One specific scenario for the involvement of Mcm2-7 in DRC activation could be as follows. Mcm2-7 functions primarily as a mediator in the DRC (see above). In the absence of replication stress, physical interaction with Mcm2-7 occludes the Rad53-interacting surface of Mrc1 (Fig. 7). Upon DRC activation, a conformational change in Mcm2-7, fueled by ATP hydrolysis at the Mcm6/2 active site (below), relieves Mrc1 inhibition and promotes its Rad53 activation (Fig. 7). As the mcm2DENQ mutant is fundamentally unable to hydrolyze ATP at the Mcm6/2 active site, a reasonable prediction would be that the protein fusion between Mcm6 and Mrc1, previously shown to be competent for Rad53 phosphorylation in the presence of an mrc1Δ mutation (25), would be unable to suppress the mcm2DENQ checkpoint defects. However, the testing of this prediction is complicated by our finding that the Mcm6-Mrc1 fusion construct unexpectedly causes lethality in an mcm2DENQ mutant (F.-L. Tsai, unpublished data). Our hypothesis, which couples a conformational change in a motor protein to a regulatory output, is similar to a recently proposed model that connects defects in topoisomerase II to trigging of a G₂ checkpoint (75).

FIG 7.

Model of Mcm2-7 involvement in the DRC cascade. See the text for details. The conformational change of Mcm2-7 from a closed to an open structure causes a conformational change in Mrc1 that allows its association and subsequent activation (phosphorylation) by Mec1 (not shown). In addition, Mcm gate opening upon DRC activation possibly acts to stop replication elongation. Asterisks denote phosphorylation.

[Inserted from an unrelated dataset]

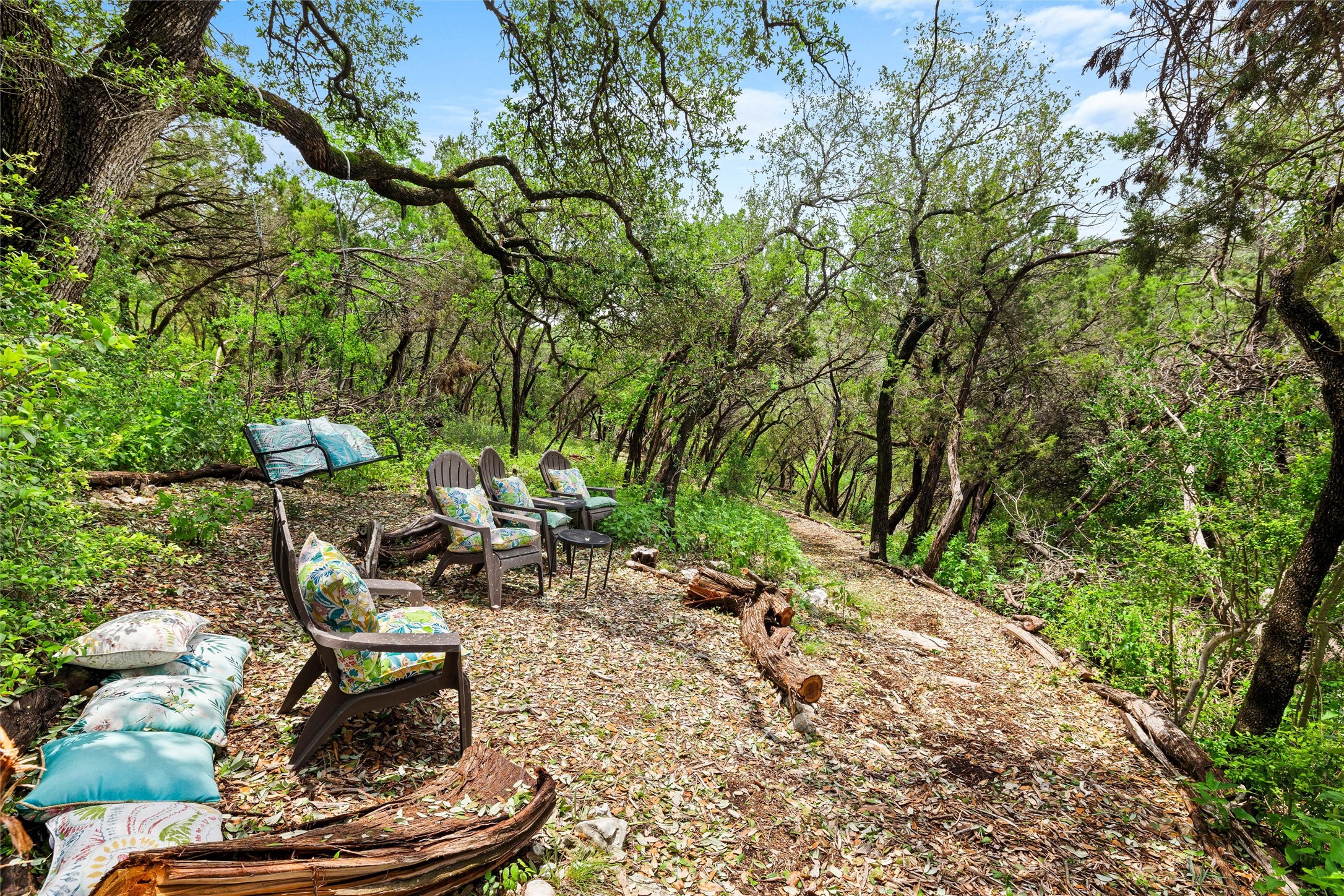 8540 Adirondack Trail, Unit 21 Austin, TX 78759 - Photo 39 of 40 a view of an outdoor sitting area with fire pit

In this scenario, we speculate that upstream activation of the DRC leads to appropriate Mcm ATP hydrolysis and a conformational change in the Mcm ring structure. This outcome then facilitates both subsequent Rad53 phosphorylation as well as helicase inactivation (Fig. 7). This scenario implies that the DRC mediator proteins (particularly Mrc1) should function to regulate Mcm ATP hydrolysis. While such an analysis of Mrc1 has yet to be undertaken, the human proteins that correspond to the budding yeast proteins Tof1 and Csm3 (i.e., Timeless and Tipin) have been shown to block both ATP hydrolysis and DNA unwinding of the human CMG complex in a purified biochemical system (76).